Guests: Sen. John Cornyn, R-Texas, and Sen. Charles Schumer, D-N.Y., weigh in on the numerous issues facing the Obama administration. Also: Erin Burnett and Andrew Ross Sorkin on the possible repercussions of cutting executive pay on Wall Street. Plus, a political roundtable: Jane Mayer, Joe Scarborough, Dan Senor and Tavis Smiley.
Today's program centered around two topics, no matter what segment and who the guest, the public option of the healthcare bill and Afghanistan strategy. I listed the guests above simply for reference.
Straight off, we need to discuss the statement made by Senator Schumer that he believes the Senate Majority Leader, Harry Reid, has the 60 votes in the chamber to pass a public option, which he will introduce into the bill. Obviously, Republicans are not for the public option in the healthcare and simply feel that letting people buy insurance across state lines would suffice to foster mpre competition and hence more competitive pricing which will lower costs overall. Both have their pitfalls to be sure and Senator Cornyn stated what all Republicans think is that the public option is just the first step to singular payer (as they have in many European countries).

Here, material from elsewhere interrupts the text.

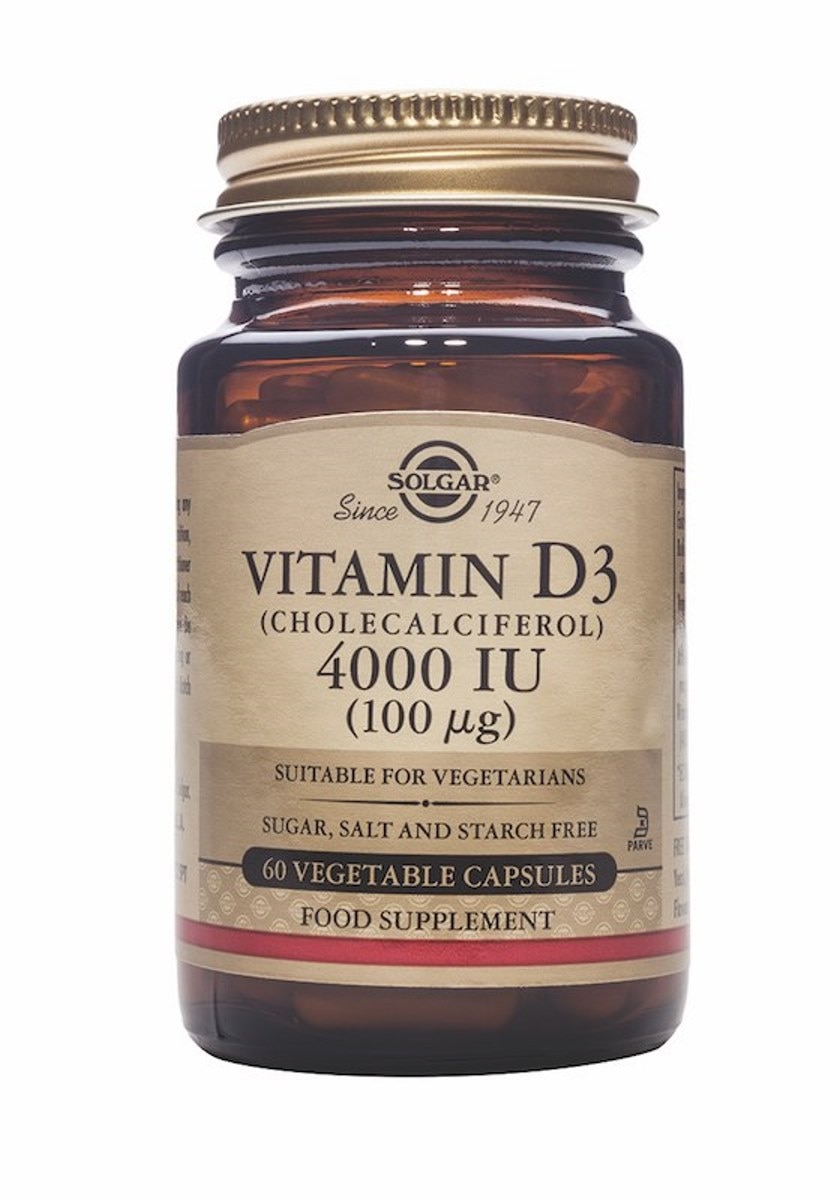 Suplemento Alimentar Vitamina D3 4000 UI (100mcg) 60 Cápsulas Solgar 1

Erin Burnett, who by the way has been wrong on so many occasions with regard to the market that we distrust her expertise, said that the U.S. will be borrowing a lot money to cover everything until 2019. Will we be running deficits until then as she's saying? Not necessarily. Pragmatically, what she is calling for is fiscal responsibility. To say that one party, usually the Republicans, have a monopoly on responsible spending is complete nonsense. Both parties spend big, they just spend big on different things. Republicans incur huge military debt and Democrats spend big domestically.

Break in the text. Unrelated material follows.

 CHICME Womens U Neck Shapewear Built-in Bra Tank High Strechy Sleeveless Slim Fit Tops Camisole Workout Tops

However, right now we're in a position where we have to do both.
With regard to Afghanistan, there is disagreement within the administration and amongst the public on what to do - increase the troop levels another 41,000+ as General McChrystal is recommending or concentrate more on Al Qeada solely as Vice President Biden is advocating.

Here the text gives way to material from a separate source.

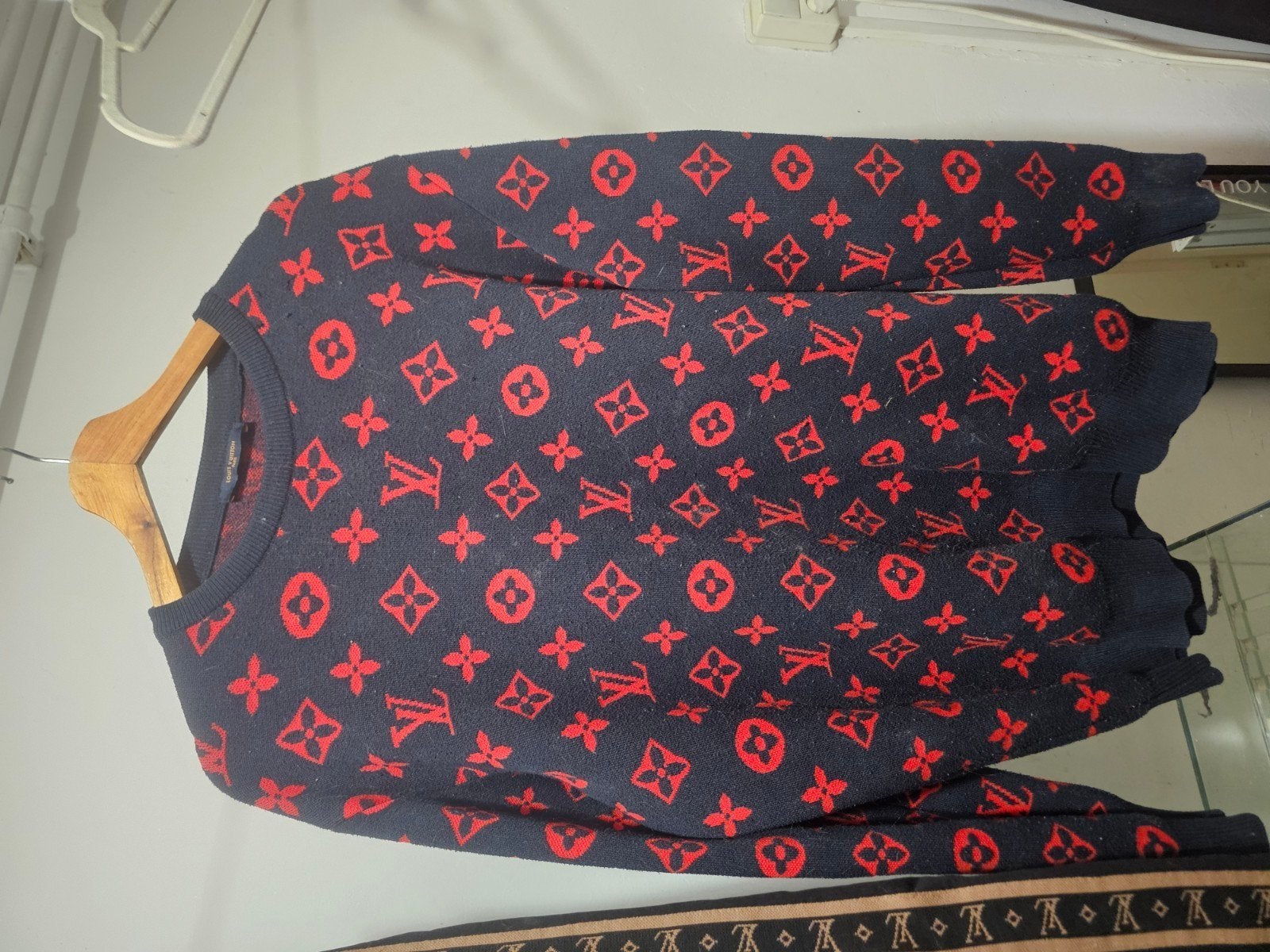 Louis Vuitton Monogram Trui - Donkerblauw & Rood, Blauw, Maat 42/44 (L), Louis Vuitton, Ophalen of Verzenden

The former Vice President Dick Cheney now famously said this week that the President is 'dithering' with regard to his no decision on Afghanistan. The politically correct thing to say here is that this is out of line because it undermines the Administration and the U.S. policy blah blah blah... Not Mr. Cheney's style of course, and it was a cheap shot, and we agree with what many in the press have said that Mr. Cheney is so discredited on good foreign policy decisions that he should really just.... to use his words, 'fuck off.'
The back and forth, the up and down, side to side.... Anyway, you look at it, here's the bottom line:
President Obama really does need to step up and start making some hard decisions. This column is growing impatient with just hearing that 'The White House is signaling... etc.' With regard to Afghanistan, frankly the Administration is stuck and caught in a holding pattern because of the election run-off, the United States can not announce a strategy while the Afghan government is in question. They should explain this to the public and plan for the different scenarios in the meantime.
This column recommends that the U.S. should commit more troops, but what ever number we commit, the N.A.T.O. forces should match to put as much of an international face on the increase as possible. Have them take the in-country/city patrols with U.S. assistance and then with the rest of our force concentrate on the border - Al Qeada and extremists. But this should be done in post-haste so we can get out of there as quickly as possible.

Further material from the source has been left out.